Post by _Kevin Graham »

Very informative stuff Gad, thanks for posting. Of course we can't exactly expect Droopy to be consistent in any of his view, whether political or religious. This thread has raised an issue I think is fascinating though. Droopy rejects math and scientific evidence to support his economic theories, so what does he rely upon to support them? Blind faith, or warm fuzzy feelings I suppose, just as he uses to justify his devotion to Mormonism, despite the scientific evidence proving it false.

It probably isn't a coincidence that he rarely ever engages in actual debate of the issues. His posts generally reiterate the same theme, attacking anyone who disagrees with his assertions - no matter how authoritative their sources are - with long winded fluff that never really gets to the point. On the other hand, he has his own personal economic priests whose credibility should never be questioned simply because they're not "leftists." He has no problems dismissing world authorities in economics, but then turns around to exalt these blogging hacks who are hired by Right Wing think tanks. They are essentially paid write opinion pieces to support the views of those funding them. Take for instance his constant use of the Heritage foundation, which is funded by numerous corporations, (including the Tobacco/Oil Industry) who benefit from their constant hit pieces against proposed legislation they feel could hinder their profits.

The Atlantic reminds us that the Center for Data Analysis -- the Heritage Foundation -- has laid down a pretty rocky path in matters of economic predictions. It tends to err on the side of generosity to people like the Koch Brothers. Who, with Exxon Mobil and Phillip Morris, are generous fundersof the Heritage Foundation.

If you want to win in Washington, you want to be part of the great circle forming economic government policy -- like the Heritage Foundation. The Republicans like "predictability"? They've found it! They've found they can buy predictability!

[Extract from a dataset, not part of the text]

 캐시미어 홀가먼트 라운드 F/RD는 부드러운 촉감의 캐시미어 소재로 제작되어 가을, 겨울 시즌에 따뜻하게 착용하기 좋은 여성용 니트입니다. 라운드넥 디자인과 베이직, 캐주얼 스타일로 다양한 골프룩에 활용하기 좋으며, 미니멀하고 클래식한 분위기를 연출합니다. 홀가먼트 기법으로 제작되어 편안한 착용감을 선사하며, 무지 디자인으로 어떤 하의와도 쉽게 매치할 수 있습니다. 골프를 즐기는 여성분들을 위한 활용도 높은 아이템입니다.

Or his recent use of James Pethokoukis, a man whose credibility has been shot out of the water time, and time again. But since he is revered in Droopy's little echo chamber, that's all he needs. Very much the same way John Gee is revered among a small group of blind apologists who have shielded their minds from all outside opinion because they deem it "anti-Mormon." Droopy does the same thing with political opinions by demonizing everything else as "Leftist" without bother to explain or make an argument how that in any way makes these opinions wrong.

And like apologists, Droopy's blind faith in his quasi-Austrian economic ideology is grounded in repeated exercises in dishonesty. Just look at the way he supposedly cites me in his signature when he knows perfectly that statement didn't originate with me. He never addressed the evidence presented in those threads, just like he is ignoring everything Krugman said in this opening post. The evidence around the world strongly supports the position that the austerity fanatics on the Right have been getting it wrong. Droopy can't deal with that, so he just ignores the data and continues on with his long-winded rants that do nothing but attack the messengers.

In any event, it would be nice if he had the intellectual fortitude to actually deal with these refutations instead of just pretending he is so far advanced that he can't be bothered. If this were true, then why is he here at all? This thread was made for the purpose of refuting a popular Droopy assertion about the correlation between austerity and economic activity. It also refutes the repeated nonsense that tries to equate all recessions as if they were never to be measured in degree. Comparing the Carter recession with the Bush recession is nothing short of dishonest, but then Droopy never had a problem using dishonesty to drive his agendas.